The Crimean Bridge. Made with Love! (Крымский мост. Сделано с любовью!) is a 2018 Russian state-funded film directed by Tigran Keosayan.

== Plot ==
The Crimean Bridge is being built in Kerch, a city in eastern Crimea, during the summer. Two men at the construction site are pursuing an archeology student named Varya: Viktor, a PR man from Moscow who arrives in a white convertible with an American television crew, and Dima, a young and ambitious builder. Meanwhile, Bernard is trying to accomplish his dream of marrying an American and going to Hollywood.

==Cast==
- Aleksey Demidov as Dima
- Katerina Shpitsa as Varya
- Artyom Tkachenko as Viktor Felixovich Onegin, PR man
- Sergei Nikonenko as Talib Nazirovich, Crimean Tatar
- Yuri Stoyanov as boss
- Irina Rozanova as Lara
- Sergey Gazarov as Ashot
- Sofya Zayka as Marina
- Laura Keosayan as Nika, Bernard's ex-girlfriend
- Larisa Malevannaya as Raisa
- Aleksandr Dmitriev as Tikhon
- Alyona Khmelnitskaya as Tikhon's mother
- Aleksandr Ilyin Sr. as Mikhalych
- Dmitry Kartashov as Bernard
- Yelena Myravyova as Rachel
- Yegor Bakulin as Max
- Kristina Kucherenko as Aliya
- Valentin Samokhin as Oliver Stone

==Production==
Filming took place in the Kerch Strait and on the island of Tuzla on a construction site where the supports and metal spans of the Crimean bridge were being installed. Actors worked close to engineers, installers and welders. Some scenes were filmed alongside residents of the Crimea and the Kuban.

==Reception==
The film attracted scathing reviews, and is even the lowest-rated film on several film review aggregators.
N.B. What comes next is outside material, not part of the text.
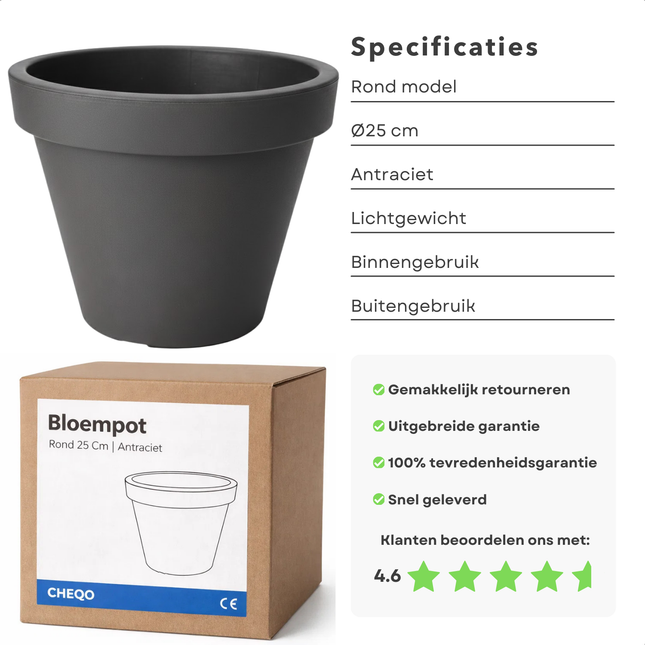 Cheqo® Bloempot Antraciet - Ronde Bloempot - Bloempot Rond - Bloempot Binnen - Bloempot Buiten - Bloempot Antraciet Rond - Bloempot 25 Cm - Bloempot Rond 25 Cm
Russian opposition politician Alexei Navalny released a video in March 2020, alleging serious corruption during the production of the film, with at least 46 million rubles in state funds intended for film production being siphoned off to Simonyan's relatives. It flopped at the box office, recovering only 70 million rubles, less than half of its 154 million ruble budget.

Cinemas in Kazakhstan refused to screen this film, citing no interest from local movie-goers.